◆ **STUDY MATERIAL**:

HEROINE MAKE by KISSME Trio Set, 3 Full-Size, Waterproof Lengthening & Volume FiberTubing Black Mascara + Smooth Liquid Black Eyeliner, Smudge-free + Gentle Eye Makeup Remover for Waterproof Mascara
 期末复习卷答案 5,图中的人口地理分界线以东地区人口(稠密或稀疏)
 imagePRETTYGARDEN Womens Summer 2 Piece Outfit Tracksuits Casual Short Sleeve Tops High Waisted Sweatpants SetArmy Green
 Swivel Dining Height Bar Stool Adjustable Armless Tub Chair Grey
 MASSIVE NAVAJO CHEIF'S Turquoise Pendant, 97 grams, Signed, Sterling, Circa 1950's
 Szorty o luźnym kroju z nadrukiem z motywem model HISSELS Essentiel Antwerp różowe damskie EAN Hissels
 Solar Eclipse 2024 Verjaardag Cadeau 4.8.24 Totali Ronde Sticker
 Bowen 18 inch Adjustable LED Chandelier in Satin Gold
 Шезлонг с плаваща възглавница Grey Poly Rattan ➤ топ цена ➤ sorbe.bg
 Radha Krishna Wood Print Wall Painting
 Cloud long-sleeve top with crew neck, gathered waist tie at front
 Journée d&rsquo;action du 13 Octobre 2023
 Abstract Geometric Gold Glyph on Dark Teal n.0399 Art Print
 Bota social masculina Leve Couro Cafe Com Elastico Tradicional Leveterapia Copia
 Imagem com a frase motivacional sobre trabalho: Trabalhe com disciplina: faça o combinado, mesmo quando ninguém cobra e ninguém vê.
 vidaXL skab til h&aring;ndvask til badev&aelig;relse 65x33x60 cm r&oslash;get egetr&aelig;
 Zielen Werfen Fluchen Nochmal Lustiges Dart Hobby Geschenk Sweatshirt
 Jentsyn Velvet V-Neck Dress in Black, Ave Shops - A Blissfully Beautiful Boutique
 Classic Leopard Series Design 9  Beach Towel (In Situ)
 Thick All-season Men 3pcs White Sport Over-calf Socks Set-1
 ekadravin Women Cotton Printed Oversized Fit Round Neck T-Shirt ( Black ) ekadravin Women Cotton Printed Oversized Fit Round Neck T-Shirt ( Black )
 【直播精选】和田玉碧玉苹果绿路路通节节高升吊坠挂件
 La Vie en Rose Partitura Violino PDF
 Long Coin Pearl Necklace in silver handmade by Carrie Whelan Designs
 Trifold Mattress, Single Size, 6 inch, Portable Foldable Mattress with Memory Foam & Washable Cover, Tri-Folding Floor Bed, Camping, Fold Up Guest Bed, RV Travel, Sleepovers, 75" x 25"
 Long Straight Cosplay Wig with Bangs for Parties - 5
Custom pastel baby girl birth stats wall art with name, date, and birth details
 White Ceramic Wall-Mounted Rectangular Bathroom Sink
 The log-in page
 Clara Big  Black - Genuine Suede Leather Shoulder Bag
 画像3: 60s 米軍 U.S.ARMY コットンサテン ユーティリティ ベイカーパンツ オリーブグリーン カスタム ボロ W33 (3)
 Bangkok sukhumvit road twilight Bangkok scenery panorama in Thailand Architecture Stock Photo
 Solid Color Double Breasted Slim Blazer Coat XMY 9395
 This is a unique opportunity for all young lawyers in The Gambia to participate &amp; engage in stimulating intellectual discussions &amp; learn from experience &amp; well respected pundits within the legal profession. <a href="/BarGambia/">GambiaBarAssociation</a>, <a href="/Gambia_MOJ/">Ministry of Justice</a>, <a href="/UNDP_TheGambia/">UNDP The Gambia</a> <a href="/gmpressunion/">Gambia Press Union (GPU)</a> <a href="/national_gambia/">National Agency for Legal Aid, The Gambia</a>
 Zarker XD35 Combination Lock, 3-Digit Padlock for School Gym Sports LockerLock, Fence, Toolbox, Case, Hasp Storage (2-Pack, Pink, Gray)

◆ **WHAT IS BEING ASKED**:
On how many lines of the listing does the string "inch" occur? Give the number by itself.

◆ **WRITTEN ANSWER**:
2